Beitragvon purpurea » 02.12.2015, 09:06

Ja. das steht in den Nebenwirkungen drinne. Magen - Darm-Beschwerden. Ich hab es jetzt einfach mal weggelassen.

Ach ich kenne euch zwar nicht, aber muss euch trotzdem mal mein Herz ausschütten. Hab seit gestern so nen richtigen Tiefpunkt. Schlimmer als je zuvor. Die Magenschmerzen waren fast nicht aushaltbar und machen mich verrückt. Dann bin ich die ganze Zeit mit der Kleinen alleine. Bin so verzweifelt. Mir kommt alles so hoffnungslos vor. Ich will nicht mehr. Ich hab seit gestern ganz massive Selbstmordgedanken. Ich sehe keine Zukunft mehr für mich und frage mich immer wieder warum ich mich eigentlich so quäle. Immer nur für andere. Ich muss für meine kleine Maus da sein. Ich kann das meinen Mann nicht antun. ect.
Das Leben ist echt nicht schön. Ich kann nachts nicht schlafen. Die ständigen Magenschmerzen seit einem Monat. Ich kann seit einem Monat nur Reis und Zwieback essen. Ich habe überhaupt keine Freude mehr am Leben und auch wirklich die Nase voll. Und dann muss man den ganzen Tag fit für die Kleine sein.

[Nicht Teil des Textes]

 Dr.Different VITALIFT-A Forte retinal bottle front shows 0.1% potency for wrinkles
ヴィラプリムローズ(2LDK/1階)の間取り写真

Ich schaffe das alles nicht mehr. Hatte jetzt auch mal rumtelefoniert. Es gibt bei uns in der Nähe wirklich keine Hilfsangebote. Keine Beratungsstellen. Überweisung zum Psychologen würde ich zwar bekommen, da ist aber frühestens in einem viertel Jahr ein Termin frei.

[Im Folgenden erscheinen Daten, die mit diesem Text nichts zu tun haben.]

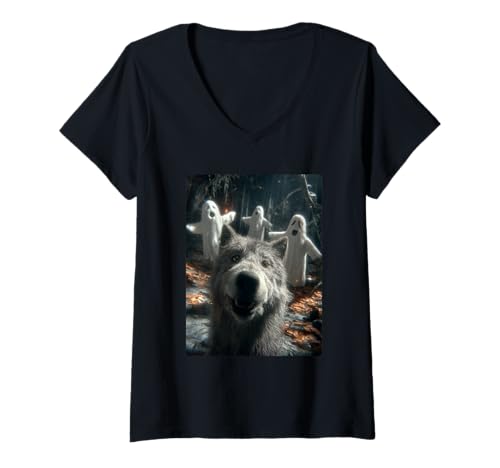 Damen Lustiges Wolf Selfie mit Geistern und Spukwald Halloween T-Shirt mit V-Ausschnitt Damen Lustiges Wolf Selfie mit Geistern und Spukwald Halloween T-Shirt mit V-Ausschnitt von Funny Halloween Animals Selfies Clothing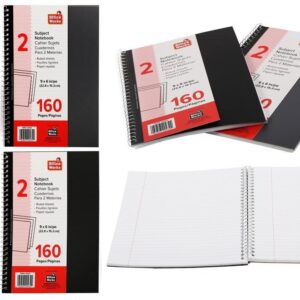 160 Pages 2 Subject Spiral  Notebook #20432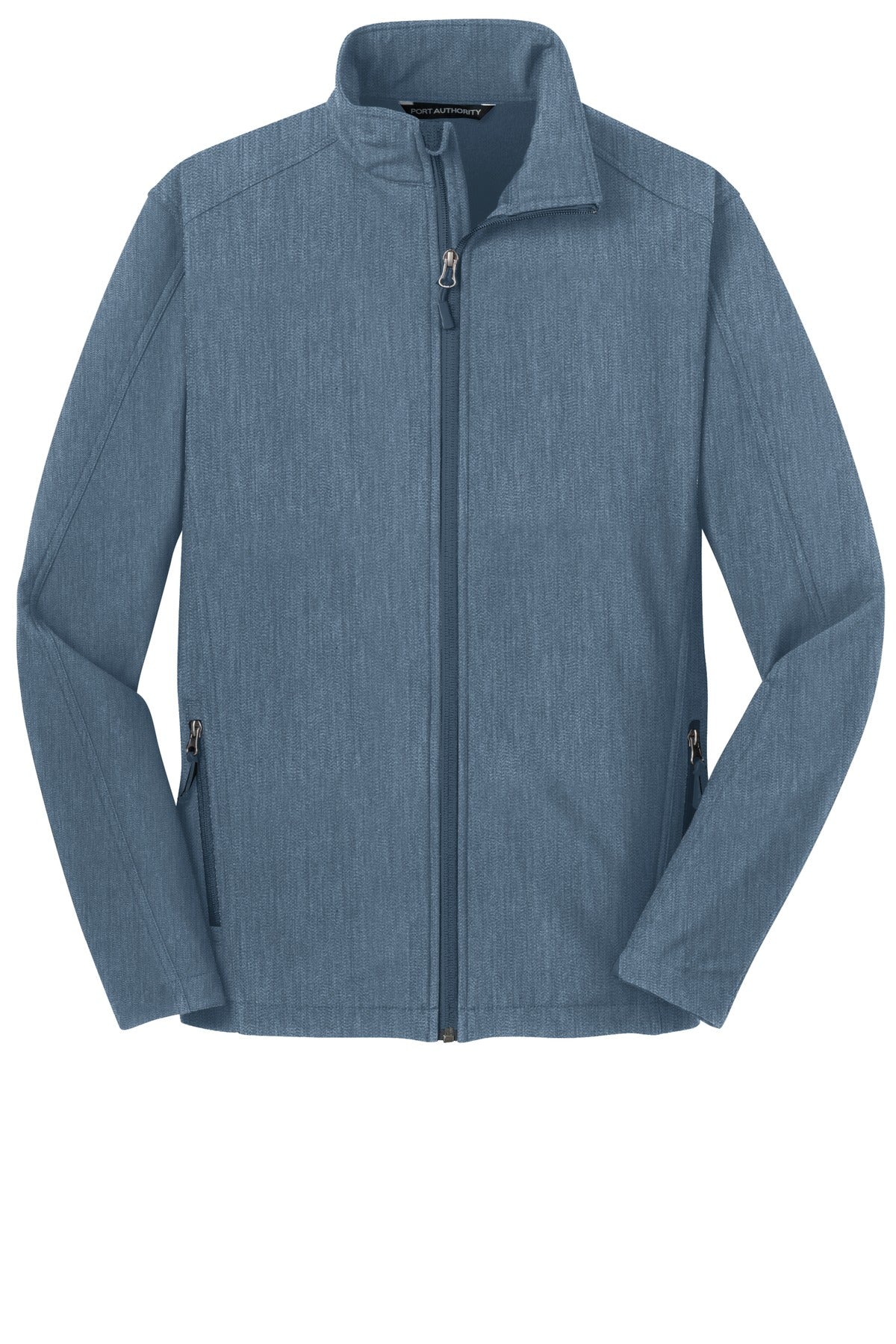 Front View of Navy Heather Port Authority Core Soft Shell Jacket. J317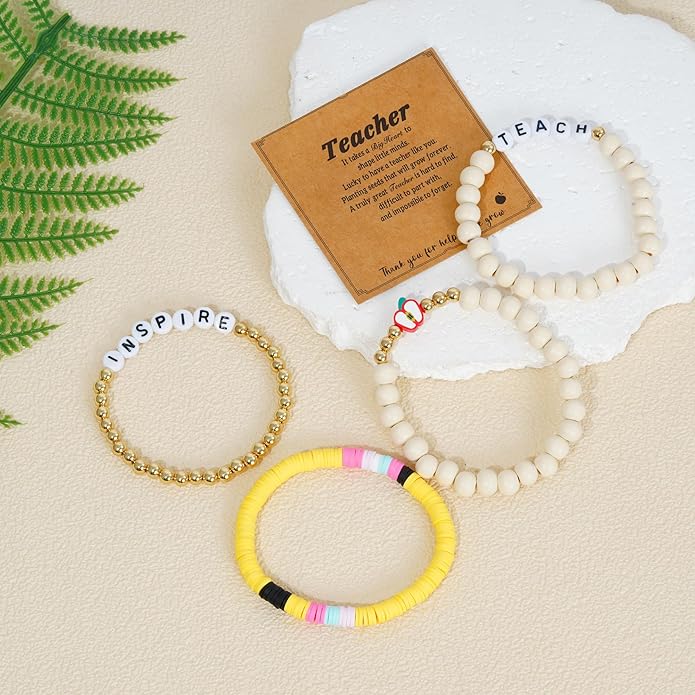 Heishi Beaded Stretch Bracelets for Women Stackable Polymer Clay Beads Bracelets Friendship Boho Summer Beach Bracelet Jewelry Set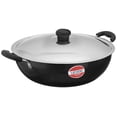 thumbnail image 1 of UCOOK Hard Anodised Kadai, 3ltr, 24cm, Black, Compatible with Gas and Induction, Durable Non-Stick Cookware, 1 of 3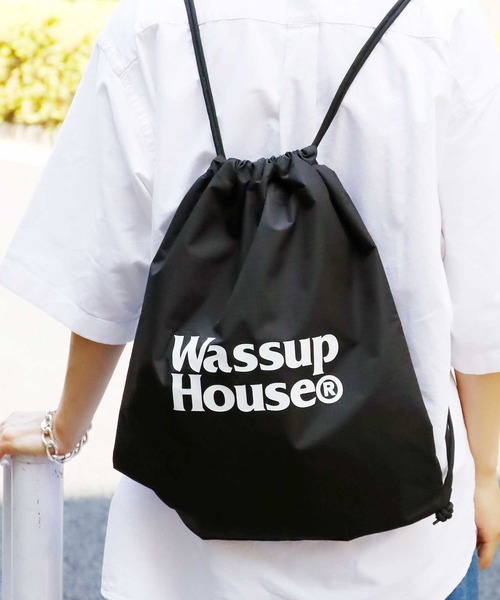 ROOPTOKYO（ループトウキョウ）の「Wassup House/ワサップハウス GYM BAG ナップサック（バックパック/リュック・メンズ・ブルー/ブラック・FREE）」の2枚目の写真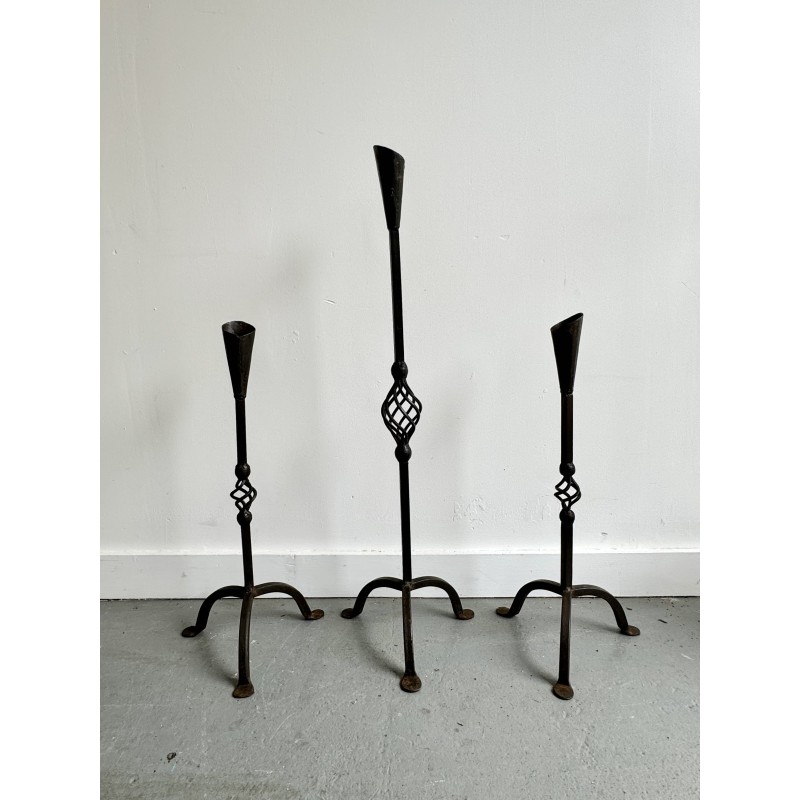 Set of 3 vintage wrought iron candlestick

Das ist ja jetzt auch nicht die einzige Scheiße, die ich dieses Jahr durch habe. Problematische Schwangerschaft. schwere Geburt mit anschließender OP. eine Woche nach der Entbindung hatte ein bisher unentdeckter Tumor meine Nebenniere zerrissen. Wäre daran fast gestorben. 2 Wochen Krankenhaus mit Intensivstation, wo ich die Kleine gar nicht sehen konnte. Infektion in der OP Narbe und die musste wieder geöffnet werden. Lungenentzündung durch das lange liegen. Dann wurde ich aus dem Krankenhaus entlassen und mir ging es echt noch so dreckig. War so schwach, dass ich teilweise nicht mal ne Treppe steigen konnte. Aber man hat dann halt auch keine Zeit sich zu erholen, weil man ja sein Baby zu versorgen hat, was einen auch Nachts alle paar Stunden weckt. Mein Mann arbeitet auswärts und war nur Sonntag zuhause. Naja... dann die Mirena. Wo ich mir nicht sicher bin, ob die wirklich schuld an meinen jetztigen Beschwerden ist. Ich bin so verzweifelt. Wenn das mit den Selbstmordgedanken nicht aufhört, lasse ich mich noch irgendwo selbst einweisen. Ich will das eigentlich gar nicht und kann mir auch nicht vorstellen, dass ich sowas mache. Aber der Gedanke ist sooooo verlockend. Endlich nicht mehr leiden. Keine Schmerzen mehr.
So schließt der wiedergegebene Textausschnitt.